(Lack of) Progress Report
Negotiations between Republicans and Democrats to avert the fiscal cliff apparently went nowhere this week. Public utterances by the major players in Washington indicated that their well-known political orthodoxies are as entrenched as before the Presidential election. Thus, for example:
- Treasury Secretary Geithner, when asked in a television interview whether the Administration was willing to let the economy slip over the fiscal cliff if the Republicans did not agree to income tax rate increases for the wealthy, responded, "oh, absolutely". “There is no prospect (for) an agreement that doesn’t involve rates going up on the top 2 percent of the wealthiest Americans,” he told CNBC.

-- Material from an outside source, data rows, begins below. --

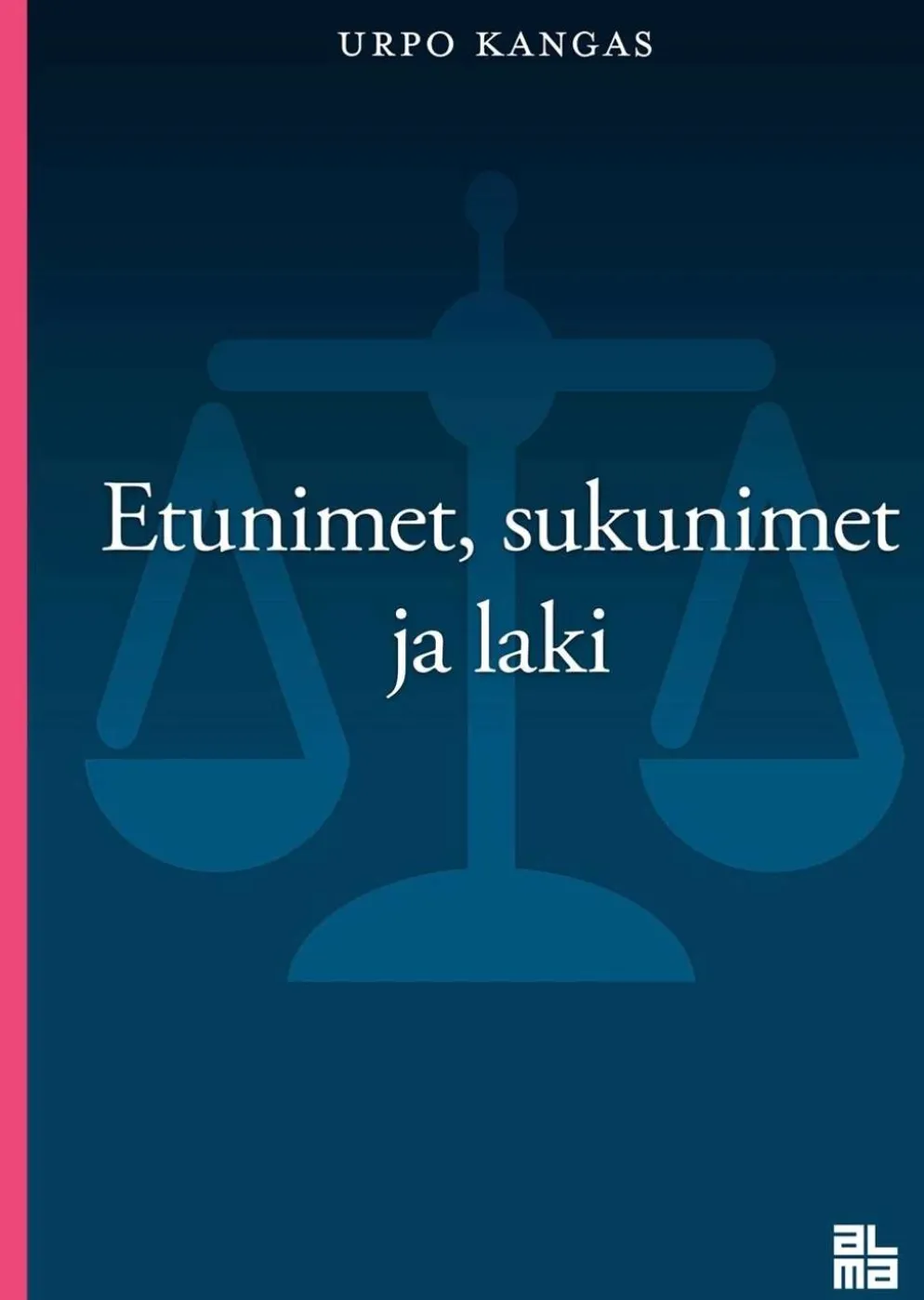 Kangas, Etunimet, sukunimet ja laki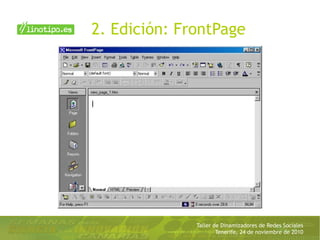 Taller de Dinamizadores de Redes Sociales
Tenerife, 24 de noviembre de 2010
2. Edición: FrontPage
 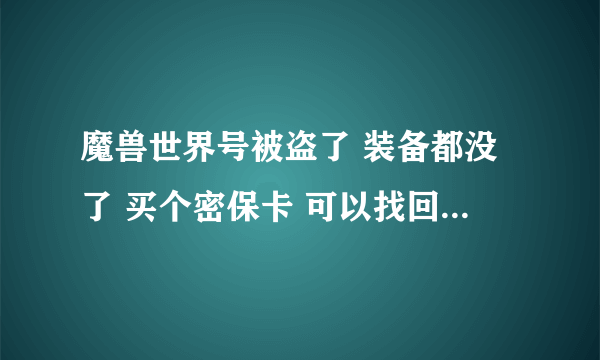 魔兽世界号被盗了 装备都没了 买个密保卡 可以找回装备吗？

- House Speaker Boehner briefed the Press, very briefly, this morning. He began by noting, tersely, that he was not providing a progress report, because "there is no progress to report". He characterized this past week as "wasted", as the President's negotiating position was nothing more than a reiteration of his campaign promises - "his way or the highway", as the Speaker described it. His phone discussion with the President earlier this week was "pleasant", but essentially just more of the same. Though widely anticipated, there was no face-to-face follow-up meeting with the President.
- Not to be outdone, House Democratic Minority Leader Nancy Pelosi spoke to the press right after Speaker Boehner, and immediately after meeting one-on-one with the President. Her message, much the same as Secretary Geithner's, was that the only thing standing in the way of "middle-income tax relief" was the Republican's refusal to allow rates to rise on the wealthy. Her stated objective was to ensure that everyone "pays their fair share".
So, with 24 days left before the hesitant economic recovery in America slips over the cliff, it appears that expectations this week for progress towards fiscal resolution were unwarranted. Curiously, perhaps, US equity and bond markets seemed mostly unfazed (the Dow and S&P 500 were up on the week) by the evidence of persistent stalemate. Maybe they simply had no expectation to begin with, or have moved beyond cliff concerns, recognizing that the gravity of fiscal imbalance is such that, if Washington can't fix it, markets will, forcing resolution upon squabbling politicians sometime soon.